Lack of metal shouldn't impede your clothing industry (pig tails/collect silk), and in fact I you are short metal and have a surplus of labor... what else are they doing? Dirt is very quick to mine out to set up more farmland for pig tails.
The thing about cooked meals (roasts out of 4 ingredients), is that each ingredient gets a quality modifier for being prepared (masterfully MINCED plump helmets). Then, all 4 ingredients gets ANOTHER multiplier for combining them all. So each roast has 5 quality modifiers added to it (4 for the ingredients and one more ON TOP OF those for the meal as a whole). Thus, you can have a no-skill cook easily crank out tens of thousands of dwarf bucks worth of food for the first few caravans. Herbalism I very powerful with multi-hauling, and can easily supply most of that (especially with fruit trees).
Spiked wooden balls sell for a ton, but all trap components in general sell for too much. Wooden balls are just the easiest to make.
Both of these are usually considered on the exploity-side, though. The most popular alternative would probably be textiles for export. So masterwork GCS silk cloth masterfully dyed and masterfully sewn into a robe that has masterwork bone/leather decorations on it sell very nice.
As to your question, seizing once usually won't provoke a siege. However, setting up basic defensives (at the very least a way to seal your fort and turtle up) is one of the firt things that should be done. Eventually they'll get bored and leave (or you set up some traps to mince them down while they mill around your fort up top), so its no big deal.
The real problem is that a trader's inventory depends on the amount of profit the return with. Naturally, a caravan has a terrible profit if you steal all their crap... Next season, they won't have jack diddly squat to trade AND will be pissed at you (requiring you to pay more for less). Thus, if you were expecting the caravan to bring more metal items/food/cloth/etc next season, you will only be shooting yourself in the foot. Low quality, undecorated copper items can be bought for only a few hundred dorfbucks. You can probably pick up a few of those to melt down into more picks. The dwarven caravan is only one season away, so you can devote the next eason to building wealth and buy metal/cloth off them (using your new pick/s).

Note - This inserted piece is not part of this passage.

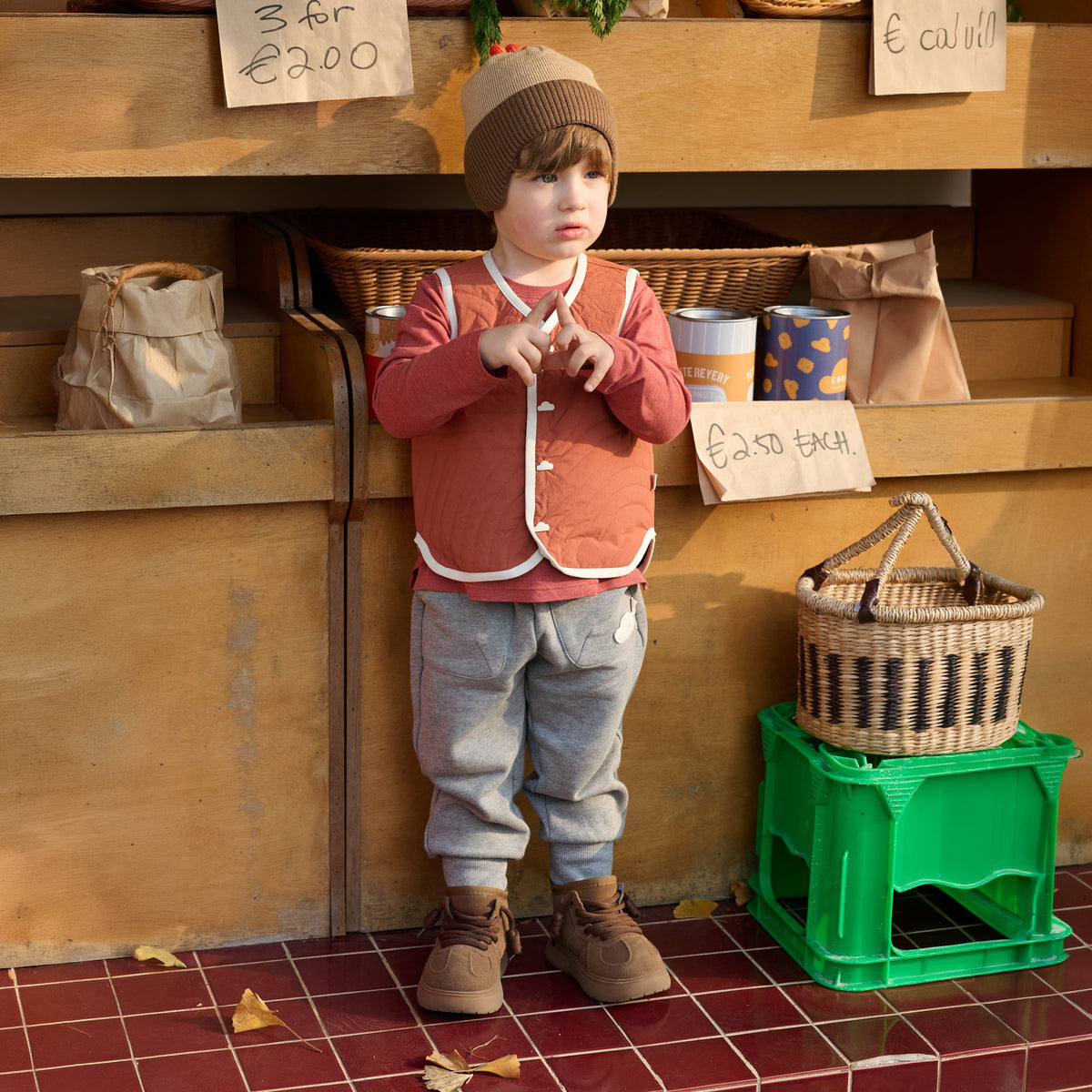 Cloud Reversible Two-Tone Vest - Redwood Burl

Also, if you just hate the clothing industry in general and never wish to fool with it, there is a trick to force caravans to bring a surplus of cloth/tread/leather. If a caravan arrives and you have less than 2 cloth items/clothing (spare) per dorf, they'll bring tons of the junk. So in the month before a caravan is due to arrive, go into your stocks screen an forbid all our thread/cloth. Once the caravan arrives, you can buy 10+ bins worth of the stuff before unforbiding all your stock. The same work for food and logs. Again though, if you seize all their goods this year, even doing this means they won't bring much next season. Particulary if you are on a metal-impoverished ste, you'll need to trade for metal (or kill for metal via sieges). However, you need good traps set up (repeating spikes, cave-ins ready to go, drowning chambers, etc) to kill off the siege without any metal of your own to equip your dorfs. Sending 30 poorly trained nekid wrestlers against armed goblins/humans usually doesn't end well. At the very least you need more wrestlers than invaders.
Basically, seizing is balancing short term profit over long term gain. If you just need that boost to get going its great, but if you actually need the caravans (wood in the badlands, metal when you have none) it can be counterproductive. If you feel seizing this load is near the last thing you need from the humans, then go ahead.